La Cour de cassation avait donc admis une protection du secret des affaires, bien que le seul fait de l’invoquer comme moyen de défense ne pouvait en soi suffire à s’opposer à une mesure d’instruction.

Les juges devaient mettre en balance le droit de la preuve et le droit à la protection du secret des affaires, qui n’était alors pas légalement défini, et s’assurer que le demandeur démontrait un intérêt légitime à se voir communiquer les documents.

(Cass. Civ 1, 5 avril 2012, n°11-14177, Cass., civ. 2, 17 mars 2016, n°15-11412)

Les juges étaient ainsi soumis à un principe de proportionnalité.
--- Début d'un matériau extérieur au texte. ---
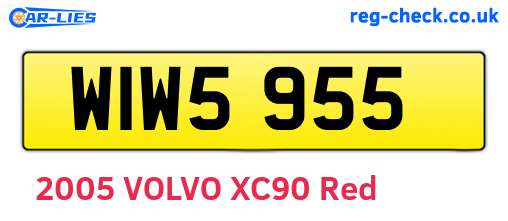 WIW5955 are the vehicle registration plates.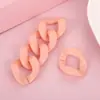 Hebilla de cadena acrílica para macarrón 29*24 mm tendencia diy cadena de mano para bolso agujero de carcasa de teléfono móvil joyas para zapatos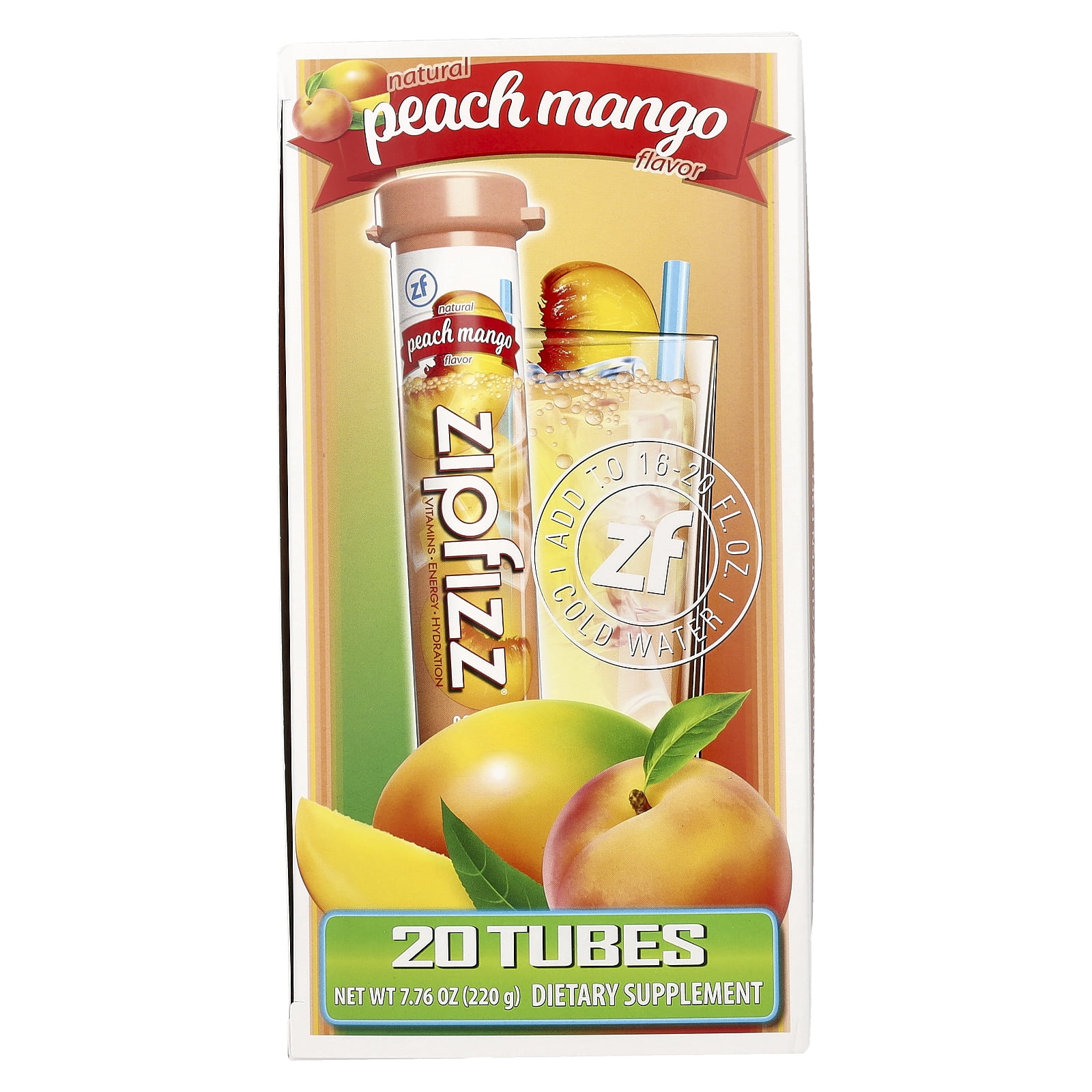 Zipfizz Energy Drink Mix, Electrolyte Hydration Powder, B12 and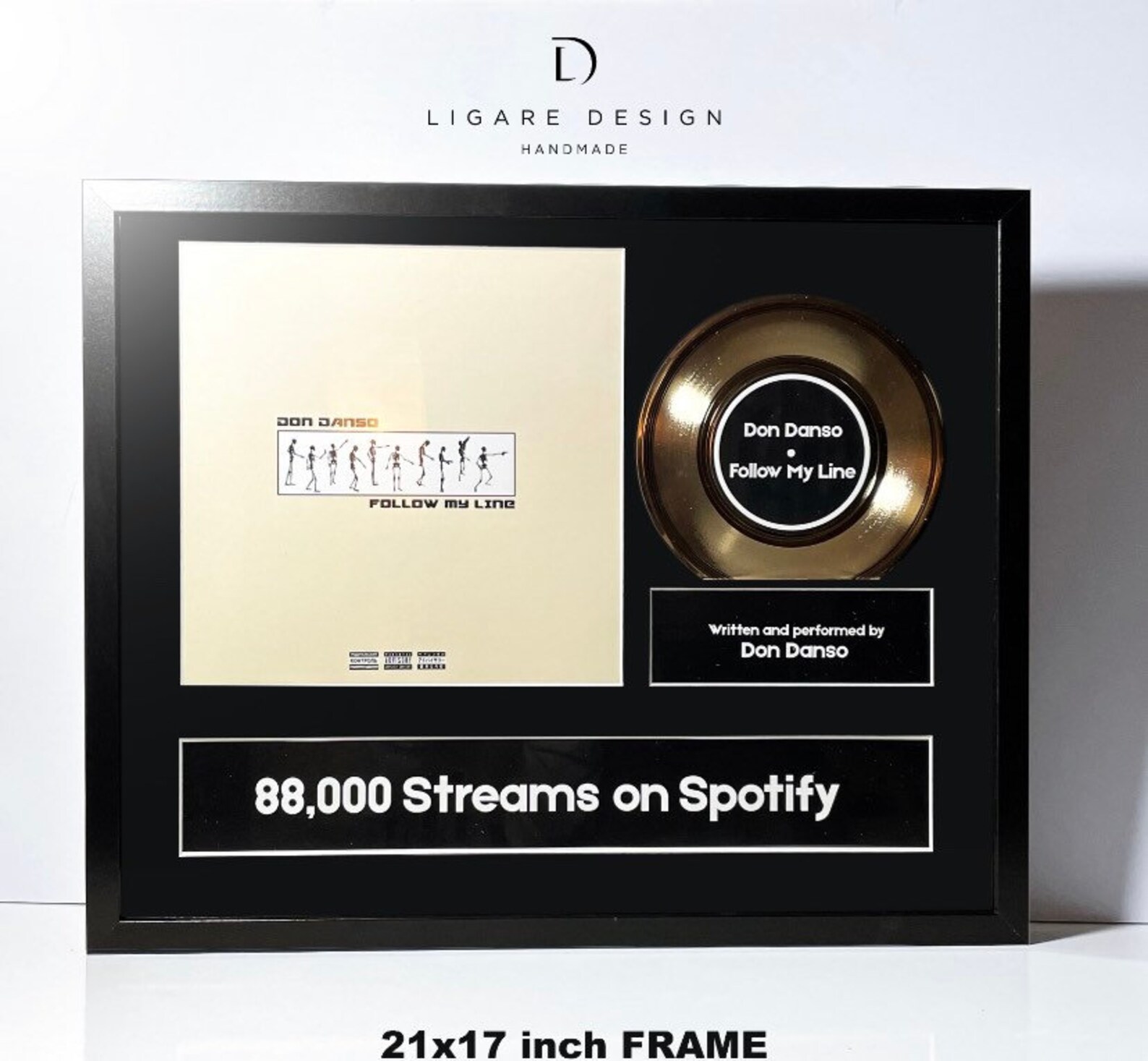 Personalised Music Award Custom Music Plaque Music Streaming Etsy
Dans un récent arrêt, la Cour de cassation avait invité les juges du fond à rechercher « si cette mesure d’instruction, confiée à un tiers soumis au secret professionnel, n’était pas proportionnée » au droit de la requérante d’établir la preuve d’actes de concurrence interdite ou déloyale attribués à l’agent général et à la préservation des secrets d’affaires de la défenderesse.

(Cass., civ, 1, 22 juin 2017, n°15-27845)

La loi du 30 juillet 2018 et le décret d’application du 11 décembre 2018 ont apporté des éclaircissements sur la protection du secret des affaires dans ce cadre.

Au préalable, toute personne qui invoque le secret des affaires pour une pièce dont la communication ou la production est demandée doit remettre au juge la version confidentielle intégrale de cette pièce, une version non confidentielle ou un résumé et un mémoire précisant, pour chaque information ou partie de la pièce en cause, les motifs qui lui confèrent le caractère d’un secret des affaires (Article R153-3 du Code de commerce).

L’article L 153-1 du Code de commerce dispose désormais que s’il est demandé la communication ou la production d’une pièce dont il est allégué par une partie ou un tiers ou dont il a été jugé qu’elle est de nature à porter atteinte à un secret des affaires, le juge peut :
- Prendre connaissance seul de cette pièce et, s’il l’estime nécessaire, ordonner une expertise et solliciter l’avis, pour chacune des parties, d’une personne habilitée à l’assister ou la représenter, afin de décider s’il y a lieu d’appliquer des mesures de protection,
- Décider de limiter la communication ou la production de la pièce à certains de ses éléments, en ordonner la communication ou la production sous une forme de résumé ou en restreindre l’accès, pour chacune des parties, au plus à une personne physique et une personne habilitée à l’assister ou la représenter,
- Décider que les débats auront lieu et que la décision sera prononcée en chambre du conseil,
- Adapter la motivation de sa décision et les modalités de la publication de celle-ci aux nécessités de la protection du secret des affaires.

Plus précisément, le Code du commerce envisage désormais un placement sous séquestre provisoire des pièces demandées lorsque le Juge est saisi sur le fondement de l’article 145 du Code de procédure civile (Article R153-1 du Code de commerce).
Si le juge n’est pas saisi d’une demande de modification ou de rétractation de son ordonnance dans un délai d’un mois à compter de la signification de la décision, la mesure de séquestre provisoire est levée et les pièces sont transmises au requérant.

Par ailleurs, plus largement en cas de demande de communication de pièces en cours de procès, le Juge peut décider de restreindre l’accès à la pièce aux seules personnes habilitées à assister ou représenter les parties (Article R153-2 du Code de commerce).

Afin de préserver les droits de la personne bénéficiant du secret des affaires, il a également été mis en place une obligation de confidentialité pour toute personne ayant accès à une pièce ou au contenu d’une pièce considérée par le juge comme étant couverte ou susceptible d’être couverte par le secret des affaires (Article L153-2 du Code de commerce).

Après un examen, le juge peut refuser la communication ou la production de la pièce lorsque celle-ci n’est pas nécessaire à la solution du litige. En revanche, si elle est nécessaire sa communication est autorisée, en totalité ou partiellement selon les cas, même en cas d’atteinte au secret des affaires. Le cas échéant, le Juge doit désigner la personne habilitée à avoir accès à la pièce (Article R 153-5 et suivants du Code de commerce).